Saturday, January 28, 2012

4. Summers End


 by Kathleen Gilles Seidel. 
Rated 5 Stars
Keeper Shelves
Re-read

This is an old favorite romance and it  didn't require me to use a single brain cell.


Book Description:

To their respective families, Jack Wells and Amy Legend are outsiders. A free-spirited man-of-all-trades, Jack takes life as it comes—not at all like his supremely organized mother, the admiral’s widow, and his methodical lawyer sister. Amy, a professional athlete with exquisite taste and golden beauty, has a glamorous career a world apart from her bookish older siblings and college professor father.

When Jack’s mother marries Amy’s widowed father, they invite all the children to spend the summer at the Legends’ retreat in northern Minnesota. They never imagine just how well Jack and Amy are going to get along—as affection unexpectedly flares into a burning attraction that threatens to damage already fragile familial bonds. Agreeing to deny their desire until the vacation is over—caught between long-simmering conflicts and clashing personalities—Jack and Amy find, nonetheless, that they are falling deeply in love. And passion this strong couldn’t possibly wait until summer’s end . . . no matter what the consequences.

Monday, January 16, 2012

3. 11/22/63

By:  Stephen King
Rated 5 Stars
Audio Book

I finally finished this book today.  I was 28 years old when Kennedy was murdered and the world that King has described in such wonderful detail is very familiar to me.  1958-1963 was a much kinder and gentler time than now.  It's a trip down memory lane in so many ways and I have been wallowing in it.
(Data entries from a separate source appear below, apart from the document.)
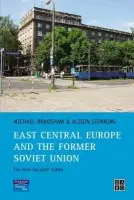 East Central Europe and the former Soviet Union - Bradshaw, Michael a Stenning, Alison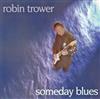 online luisteren Robin Trower - Someday Blues
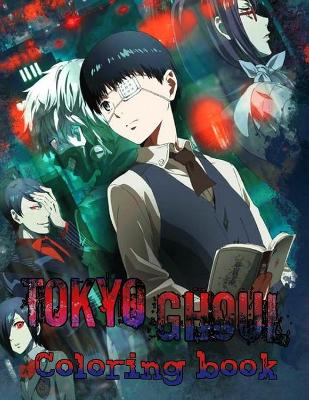 Book cover for Tokyo Ghoul Coloring Book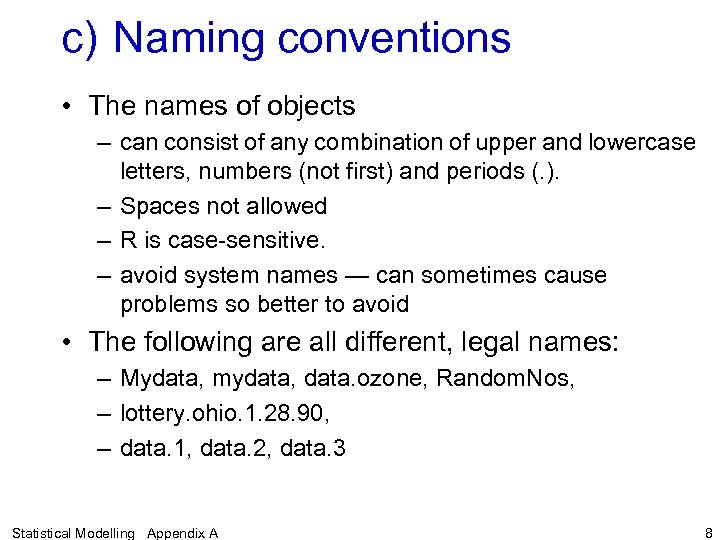 c) Naming conventions • The names of objects – can consist of any combination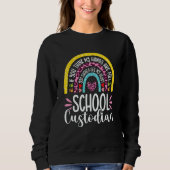 Hands are Full Cute School Custodian Janitor Appre Sweatshirt (Vorderseite)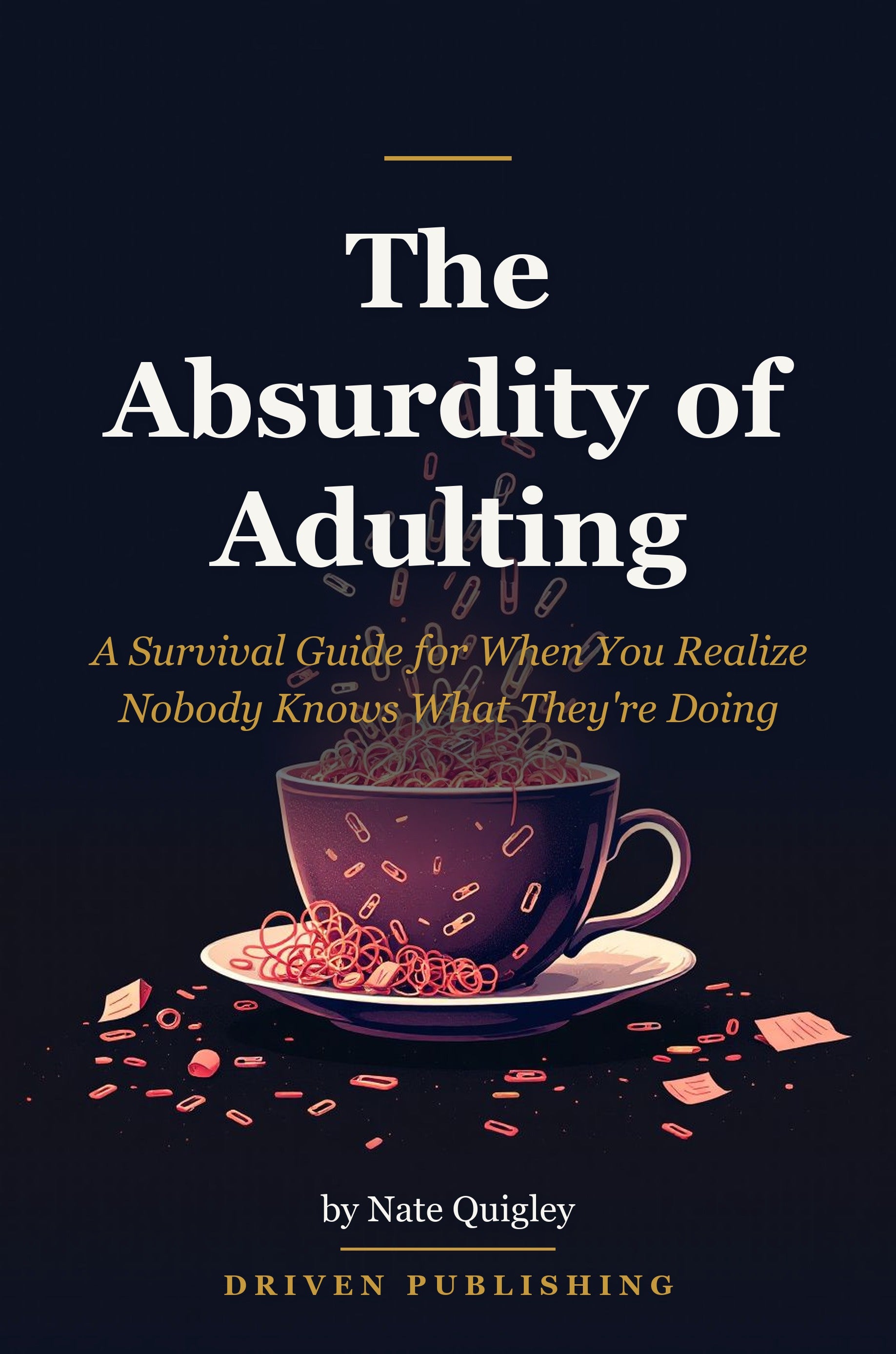 The Absurdity of Adulting - book cover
Anyway I like time travel books if they are done well and although I am generally not a reader of Stephen King's books I decided to give this one a try.  I am so glad I did.


Library Description:


Jake Epping is a thirty-five-year-old high school English teacher in Lisbon Falls, Maine, who makes extra money teaching adults in the GED program. He receives an essay from one of the students, a gruesome, harrowing first person story about the night fifty years ago when Harry Dunning's father came home and killed his mother, his sister, and his brother with a hammer. Harry escaped with a smashed leg, as evidenced by his crooked walk. Not much later, Jake's friend Al, who runs the local diner, divulges a secret: his storeroom is a portal to 1958. He enlists Jake on an insane, and insanely possible, mission to try to prevent the Kennedy assassination. So begins Jake's new life as George Amberson and his new world of Elvis and JFK, of big American cars and sock hops, of a troubled loner named Lee Harvey Oswald and a beautiful high school librarian named Sadie Dunhill, who becomes the love of Jake's life, a life that transgresses all the normal rules of time.

Tuesday, January 10, 2012

2. Lionheart

Sharon Kaye Penman
Rated 5 Stars
Audio Book

It's taken me a while with this book but I have been dragging my feet savoring it.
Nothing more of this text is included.